Heatmaps¶
bincs can be used to create heatmaps of ChIP-Seq data for predefined regions.
Example Output¶
Targets¶
There are three targets for creating regular heatmaps: log2_ratio_heatmaps, chip_heatmaps and input_heatmaps. The log2_ratio_heatmaps creates a heatmap of each ChIP sample against the pooled input for each group in the sample sheet. The chip_heatmaps and input_heatmaps create heatmaps of the RPKM-normalized ChIP or Input files for each group.

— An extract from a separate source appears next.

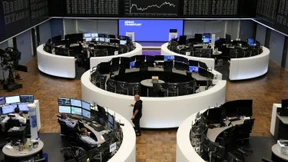 Deutsche Aktien im Minus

There is also a target for creating a heatmap of group vs group called log2_ratio_group_vs_group_heatmap. It creates one graph per group comparison of input-normalized ChIP groups against each other. This target requires that you have more than one group in your sample sheet.
Options¶
There are several settings that can be used to choose which regions should be included in the heatmaps and how much of each region to display.
Predefined Regions¶
The regions list in the config file can be used to select which regions should be graphed. If you are using a gencode gff3 The valid options are:
CDS, exon, five_prime_UTR, gene, start_codon, stop_codon,
stop_codon_redefined_as_selenocysteine, three_prime_UTR, transcript,
internal_exon
Using this list relies on having a gff3 annotation file set in your config. See https://www.gencodegenes.org/
If you do not have a gencode gff3, the UCSC refgene database will be used. Then the valid region options are:
regions:
- exon
- gene
- internal_exon
Custom Regions¶
If a you do not have a gff3 annotation available for your genome, you can use the custom_regions option in the config. This is a dict where the keys are region type names and the values are the path to a bed file denoting the regions.
custom_regions:
quantiles_internal_exon: test_data/WT.internal_exon.bed
quantiles_exon: test_data/WT.exon.bed
quantiles_gene: test_data/WT.gene.bed
The bed files should have a header and at least six columns. You can give an optional seventh column which must be called deepTools_group. It is used by deeptools to show each group separately in the profileplots. In the example below, the deepTools_group variable is used to show different quantiles of expression separately. The deepTools_group variable must be sorted. If a seventh column is used, you must use the exact header names shown below.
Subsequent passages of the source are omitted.